The development school is good for the professors, too. Down from the ivory tower, they keep themselves fresh in their professional fields, and they see how their students react in "clinical" situations.

After a good bit of study and soul-searching, Maryland schools of education were required in 1995 to move to the professional development school model. Some schools moved quickly. Towson University won a national award a couple of years ago for its development school network, but others dallied.

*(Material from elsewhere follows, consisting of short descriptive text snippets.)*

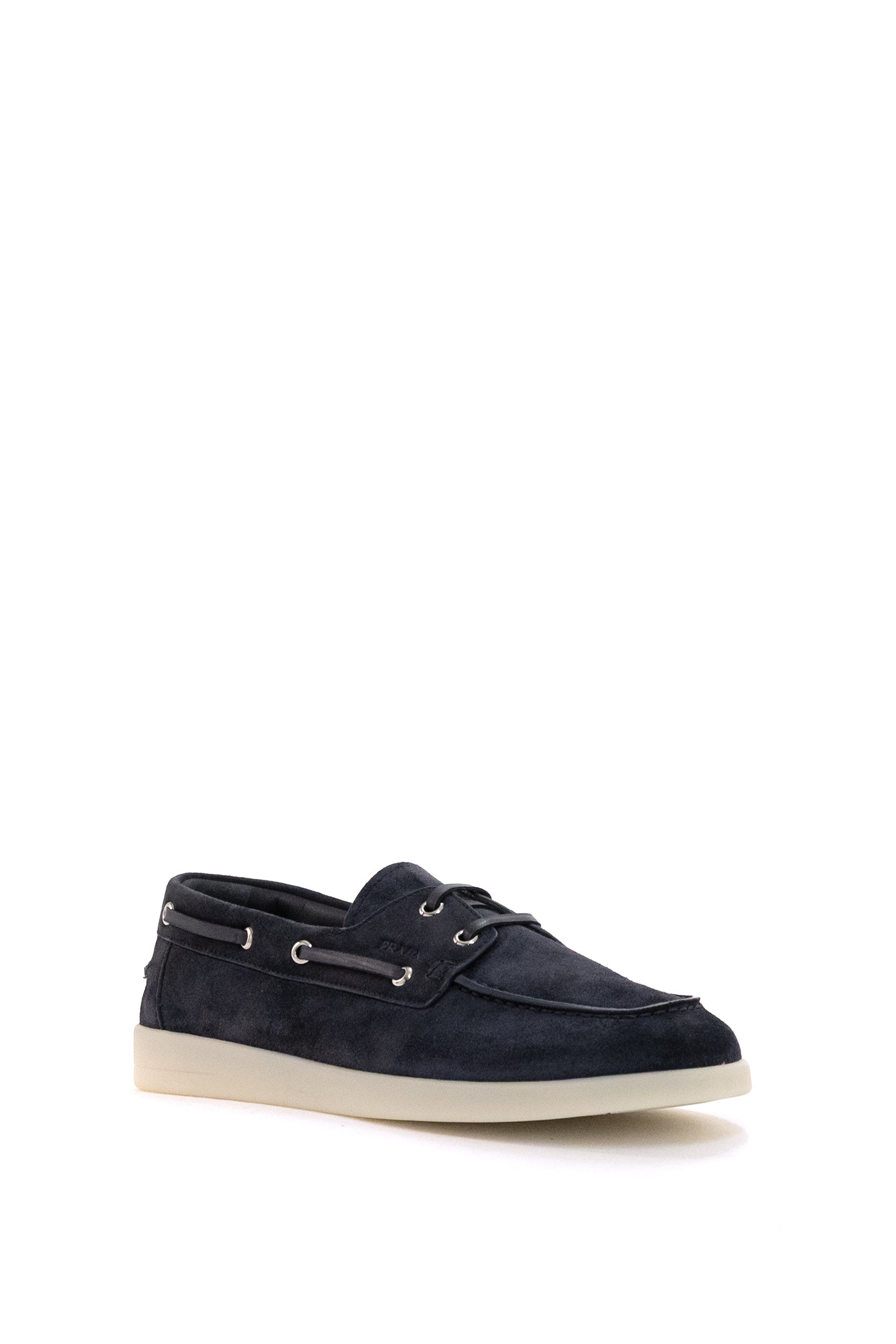 Mocassini da Barca in Pelle Scamosciata<BR/> 2EG503 F G001 103 F0008 PRADA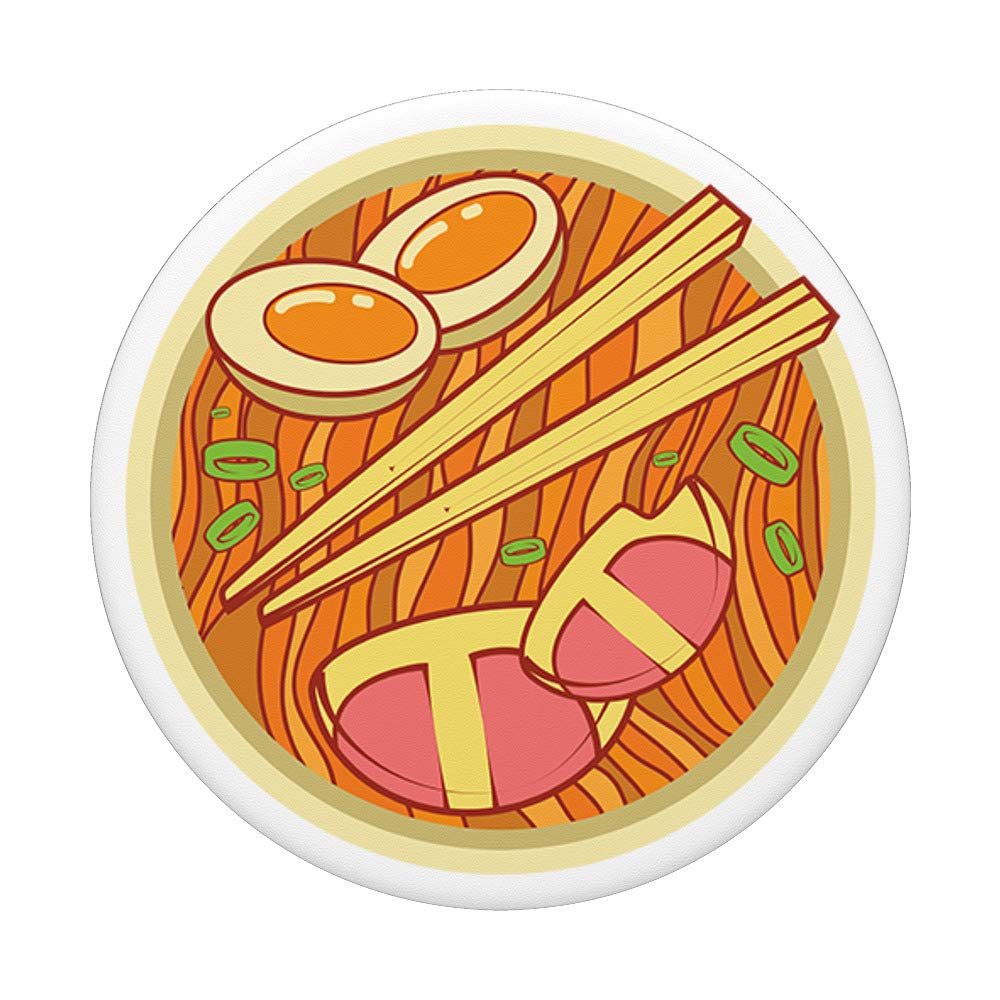 Noodles PopSockets PopGrip: Interchangeable Phone Grip for iPhone, Samsung & Tablets - Perfect for Gaming, Selfies & Everyday Use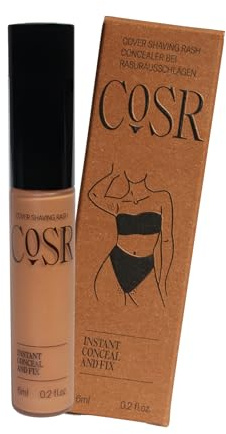 nahiCos Concealer gegen Rasurausschlag, Abdeckstift bei Rasurbrand für Männer & Frauen, wasserfest, langanhaltend, dermatologisch getestet, Dark, 6 ml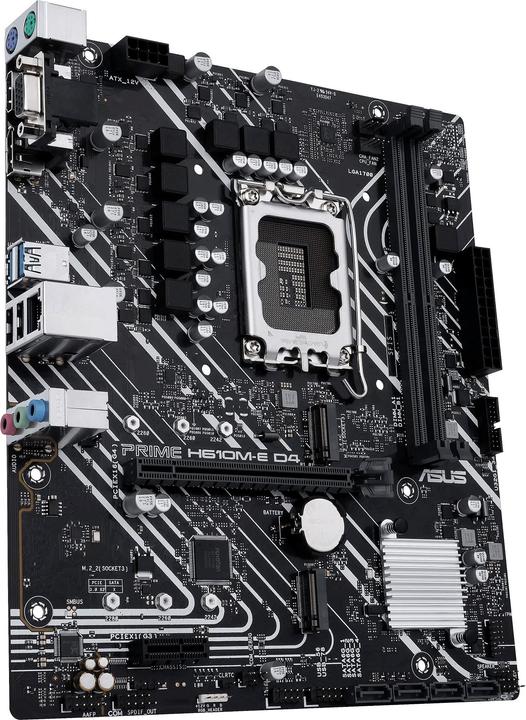 Immagine prodotto ASUS PRIME H610M-E D4-CSM (LGA 1700, Intel H610, mATX)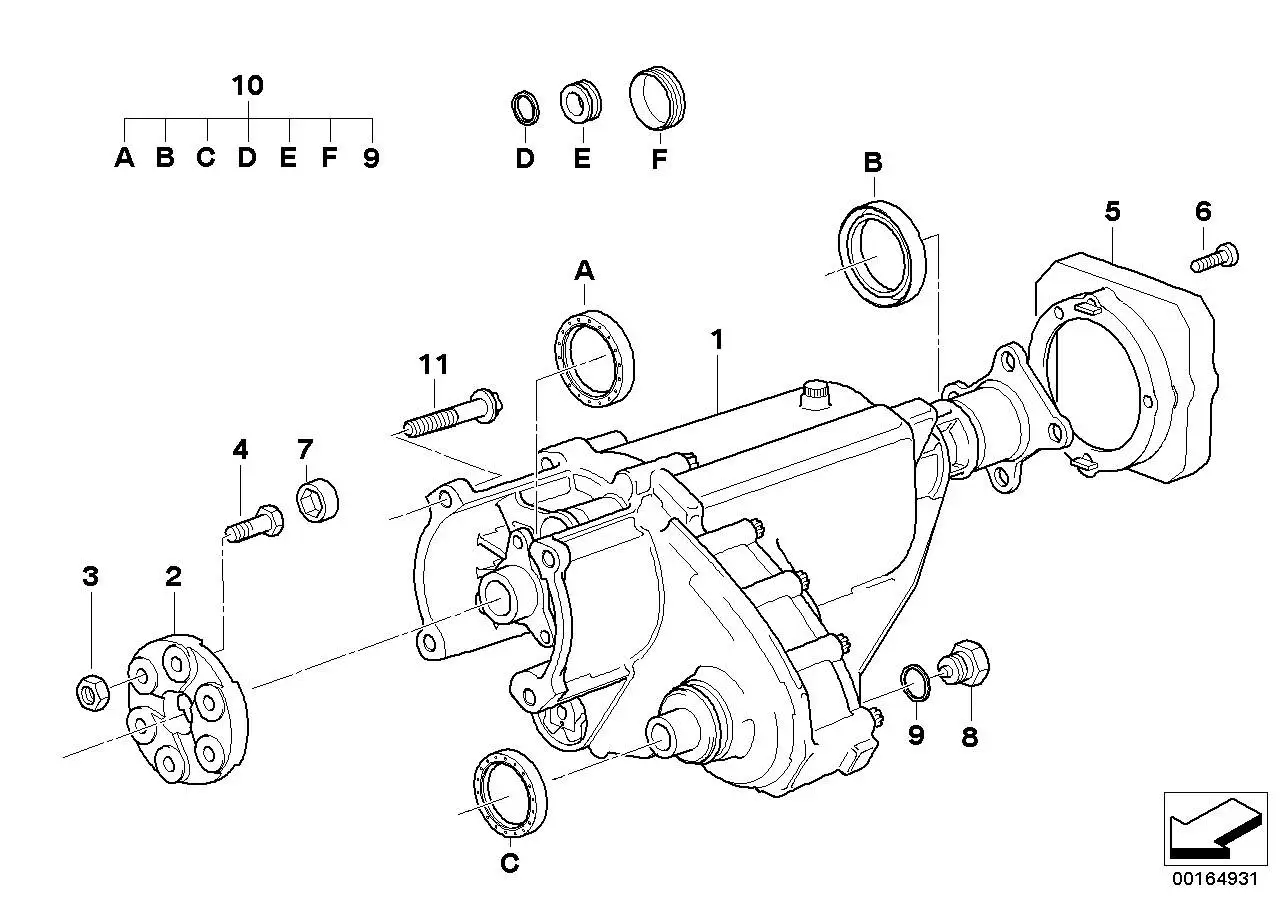 BMW Dichtungssatz E34 27111227666 - 5er E34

Six years later (and a year after development schools were to be fully in place at 240 local schools), only 55 have been established, according to the Maryland Higher Education Commission, and they tend to be concentrated in high-performing schools.

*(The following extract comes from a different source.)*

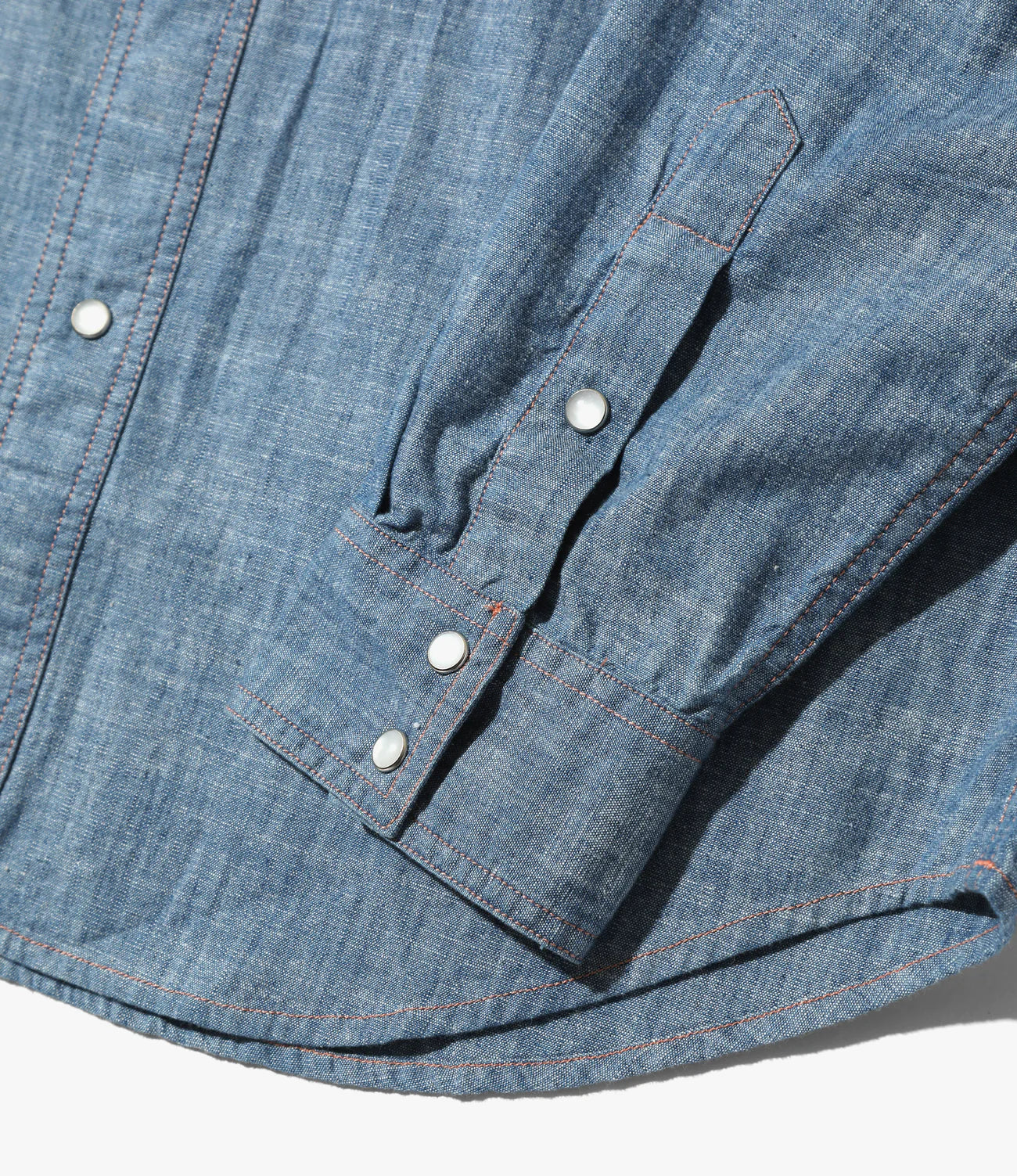 Needles Western Shirt - Cotton Chambray / India Emb.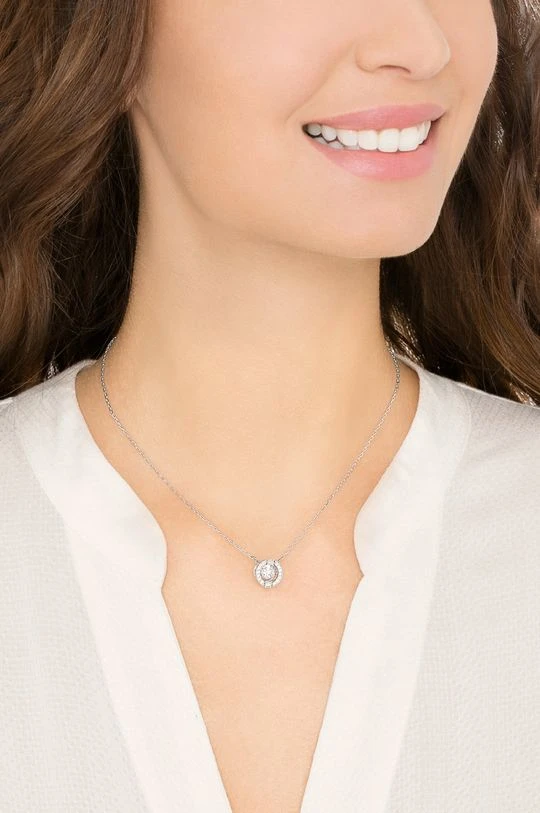 Γυναικεία Swarovski - Κολιέ Sparkling Dance ασημί 3 Γυναικεία Swarovski - Κολιέ Sparkling Dance ασημί - Image 3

In part to fill the void left by many teacher education programs - and in part to address the fact that half the new teachers in the state this fall and next will have had no previous teaching experience - Maryland is spending $17 million a year on mentoring programs for new teachers.

Under the new program, seasoned teachers - usually in schools with diverse student bodies, high poverty and low test scores - are paired with newcomers.

"No matter how good your student teaching was, and mine was good, there's nothing like the moment you actually have to live it," said Amber Day, a 23-year-old Towson graduate completing her first year of teaching at Phelps Luck Elementary in Columbia.

Phelps Luck teacher Sandy Keaton, 42, acts as Day's coach and confidant, and sometimes as a prod. Phelps Luck is a "challenging school," said Keaton, with a relatively high proportion of students eligible for free lunches and more than its share of behavior problems.

"Sometimes she tells me when I have to get on the ball," Day said of her mentor.

After nearly a year as a third-grade teacher, Day said she's found the county's reading program is not so clear-cut or easy to grasp.

"It's not like science, which is pretty much laid out for you in Howard County," she says. "The county lays out language arts objectives but doesn't tell you how to meet them or what books to use."

For that, she gets help from Keaton, who puts her 20 years of experience and master's in reading from Bowie State to work. She advises Day about strategies for increasing reading comprehension, how to group students during the long morning language arts segment, how to improve writing - a critical skill for a grade in which students take the Maryland performance tests - and, of course, how to teach phonics.

In addition to Keaton and colleagues, who work with teachers such as Day at four elementary and two middle and high schools, the county has "reading support teachers" in other low-performing schools.

So Howard is moving aggressively. But what of the other schools and districts in Maryland not blessed with Howard's leadership and resources?